The Sedmon scowled—not at the ruthlessness involved in submerging corpses, but at the pettiness of the whole situation. Local criminals and their pitiful attempts at being murderous. Bah. In times past, the Daals of Uldune had terrified entire star sectors. They were moments—not often, but this was one of them—when the Sedmons regretted their modern civilized ways.
The hexaperson cheered himself up with the thought that, on the other hand, they still weren't all that civilized.
"We'll arrange a visit, then," he said coldly, "just as soon as we have the matter in hand dealt with."
A shifty-looking man in spacer's clothes was ushered into the back office of the gift shop where the Sedmon had set up his makeshift temporary headquarters. The man handed over a spaceship lock-key and a chronometer. "The chronometer got brought to the hock-shop about twenty minutes back. One of the boys extracted the key from Slick Wullie."
"Ah," said the gift shop proprietress. "Do you want him dealt with?"
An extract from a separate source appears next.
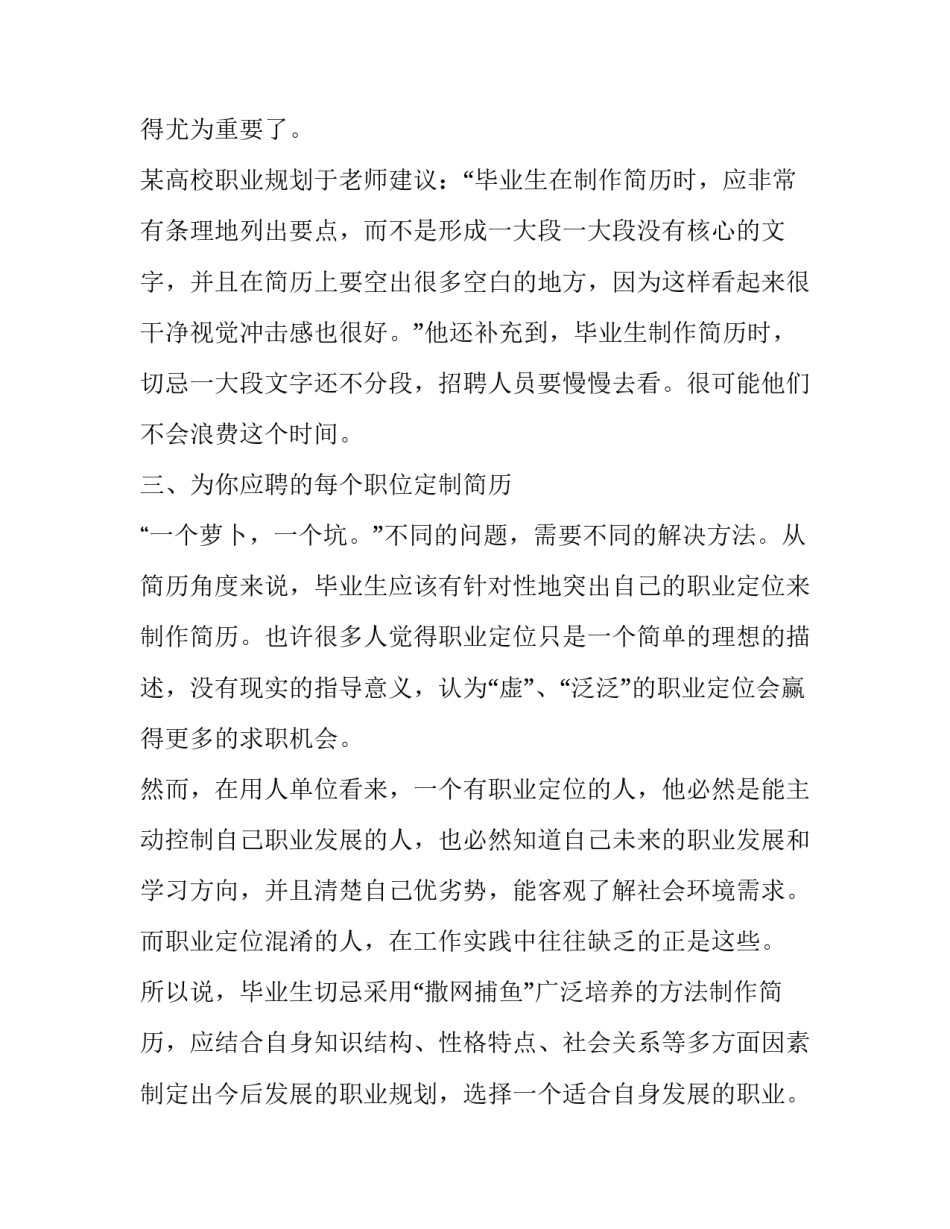 如何打造黄金简历_第3页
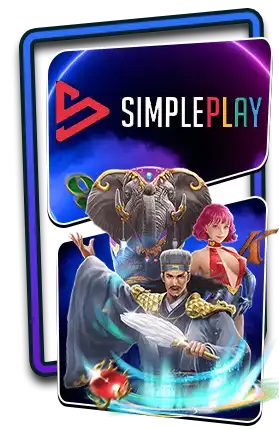 SimplePlay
The free Sedmon winced. His captive clone was being tortured again. "No, there is no point in drawing attention to the matter any further. Is my ship still being watched?
"Not since about ten minutes back," said the ever-efficient Thora.
"Good. Let us proceed, then."
The Sedmon, along with Thora and the hired mercenaries, went back to the Thunderbird in a nondescript van. A few minutes later, they set off for ISS headquarters with a cutter and two cylinders. One had a highly illegal anesthetic in it. It was nearly odorless, and fast acting. The other was a rather unpleasant standby. But the Sedmons were rather tired of taking the pain, and they'd never been fond of the ISS to begin with.